Religious Coercion Discussed in Church State Journal

May 26, 1997

WACO, Texas - In the most recent issue of the Journal of Church and State, Dr. Barry G. Hankins, associate director of the J.M. Dawson Institute of Church-State Studies at Baylor University, assistant professor of history and associate editor of the journal, discusses "Religious Coercion in a Postmodern Age."

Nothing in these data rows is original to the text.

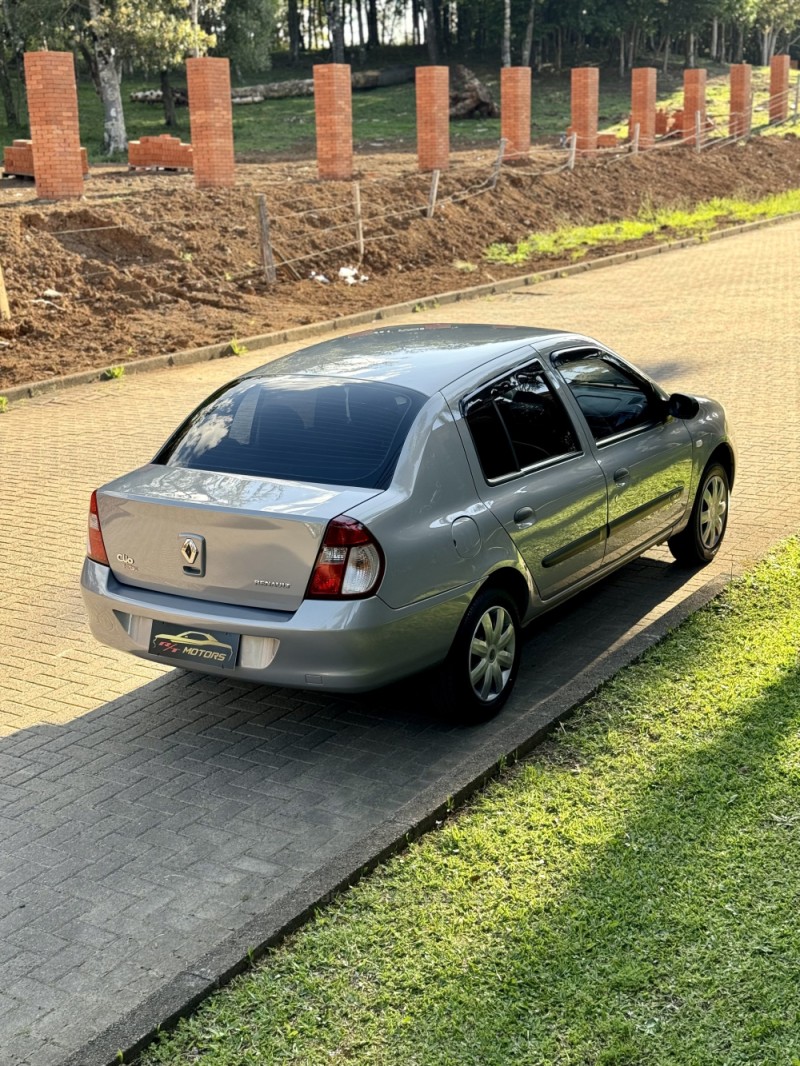 CLIO 1.0 AUTHENTIQUE SEDAN 16V FLEX 4P MANUAL - 2007 - CAXIAS DO SUL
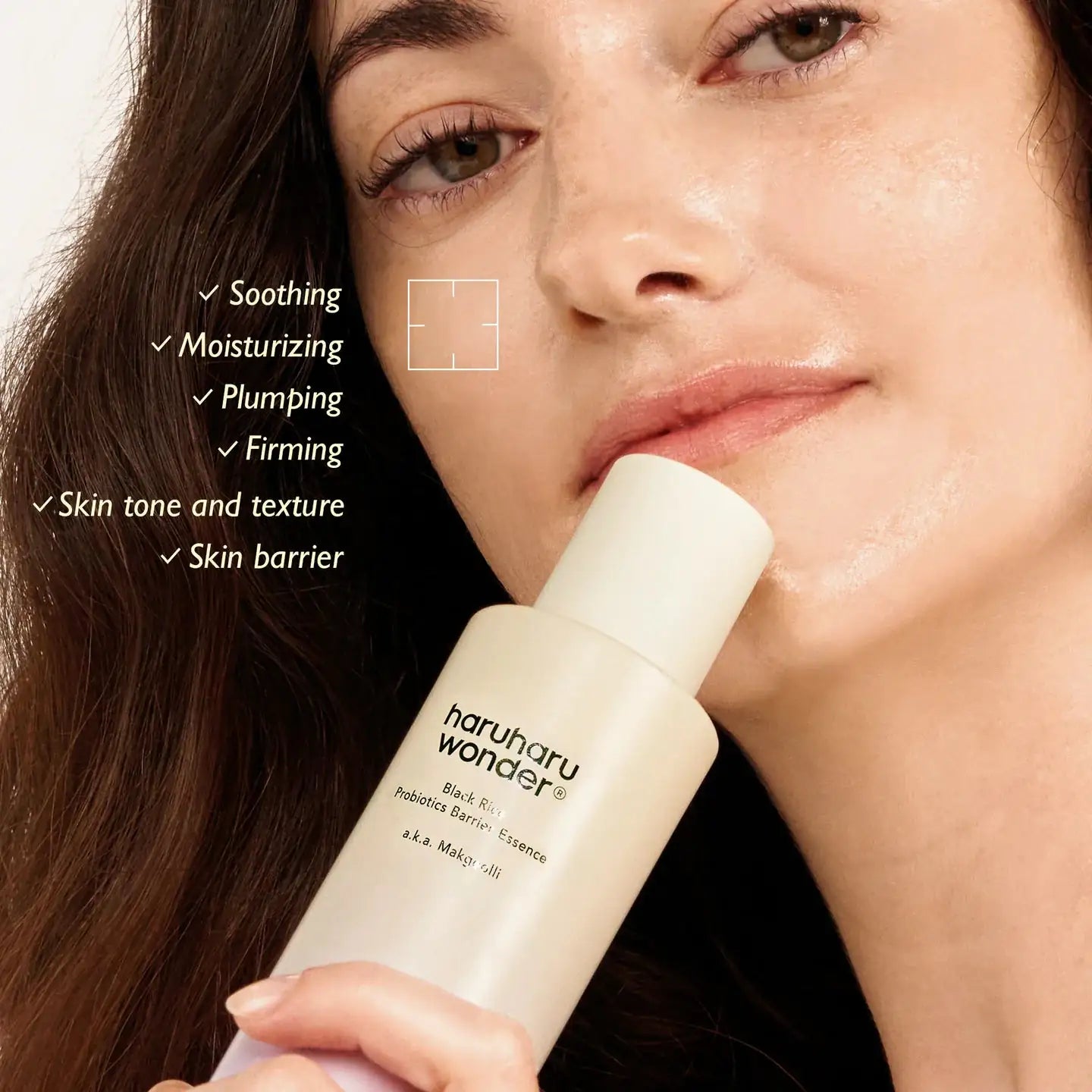 Haruharu WONDER Black Rice Probiotics Barrier Essence Essenceflacon in de hand met crème op de huid; haruharu wonder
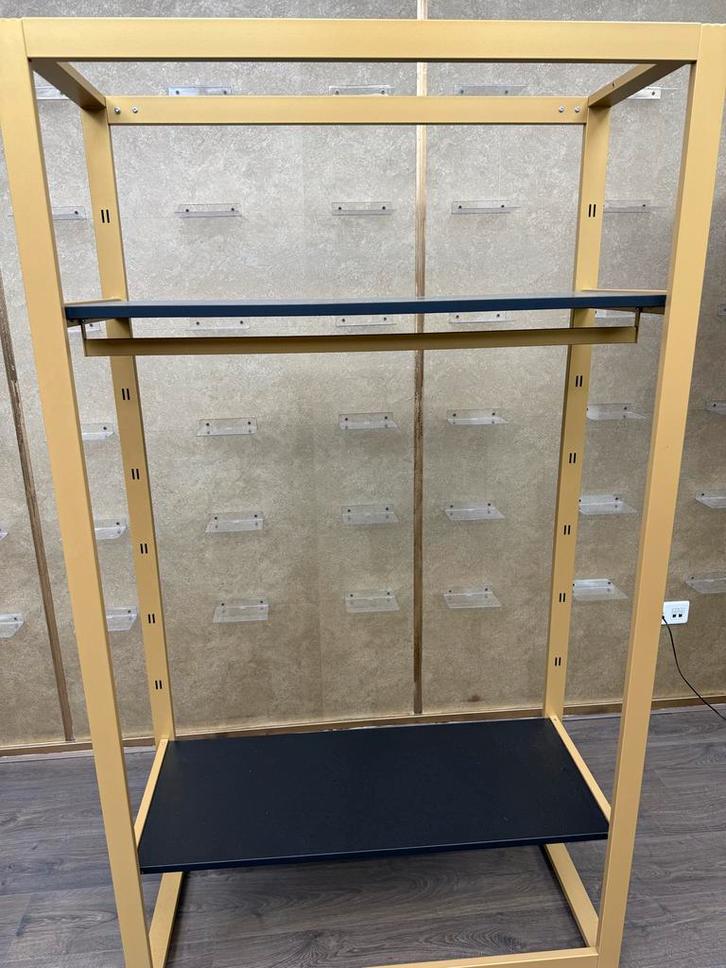 Gruppo Corso Kledingrek Goud, Zakelijke goederen, Kantoor en Winkelinrichting | Kantoormeubilair en Inrichting, Inrichting, Aankleding binnen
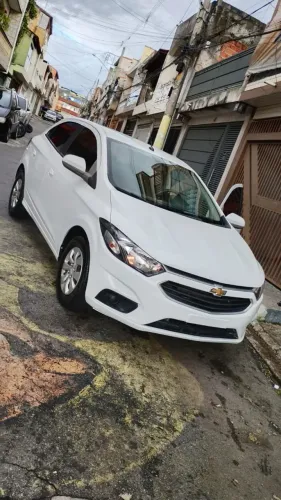 Chevrolet Onix Hatch LT 1.0 8V Flex Mec. 4P 2018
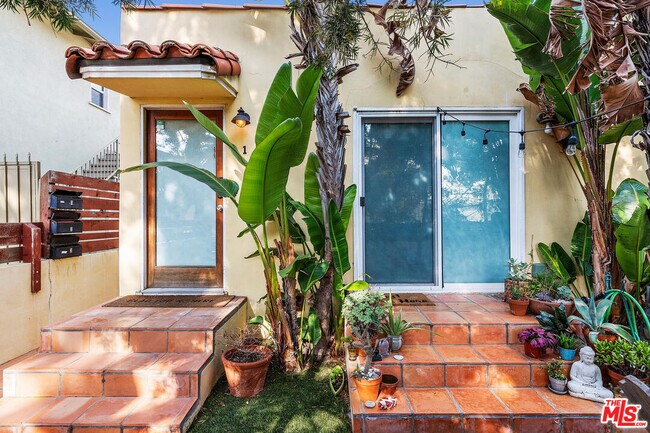 Foto del edificio - 12735 Venice Blvd.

Citing the book The Travail of Religious Liberty by Roland Bainton, Hankins states that three criteria are necessary for religious coercion or persecution to take place: the persecutors must believe they are right, that the issue is important and that the coercion will be effective. Hankins discusses the ways in which the modern world undercut one or more of these prerequisites for coercion and, therefore, produced toleration. The question posed for the postmodern age is whether Bainton's three prerequisites for persecution will be reevaluated and reestablished. In the hope of heading off such a possibility, Hankins concludes with a plea for new ways of conceptualizing religious freedom that will take the postmodern situation into account.

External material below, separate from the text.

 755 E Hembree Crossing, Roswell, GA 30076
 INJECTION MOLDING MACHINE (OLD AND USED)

Other articles in the issue include "Religious Traditions and Health Care Policy: Potential for Democratic Discourse" by Clarke E. Cochran; "Visions of a Nation Transformed: Modernity and Ideology in Wilson's Political Thought" by Gregory S. Butler; and "Are the Expectations for the Religious Freedom Restoration Act Being Realized?" by Robert F. Drinan, S.J.
Additionally, the journal includes the articles "Contributions to Human Rights in Dietrich Bonhoeffer's Ethics" by Michael L. Westmoreland-White; "The Renovationist Movement in the Orthodox Church in the Light of Archival Documents" by Dimitry Pospielovsky; "Testing the Waters or Opening the Floodgates? Evangelicals, Politics, and the 'New' Mexico" by Paul J. Bonicelli; and "Christian Nationalism and Its Implications for Educational Philosophy" by William F. Cox Jr.
The journal also contains more than 25 book reviews, notes on church-state affairs and a calendar of events. The Journal of Church and State is published four times a year by the J.M. Dawson Institute of Church-State Studies at Baylor.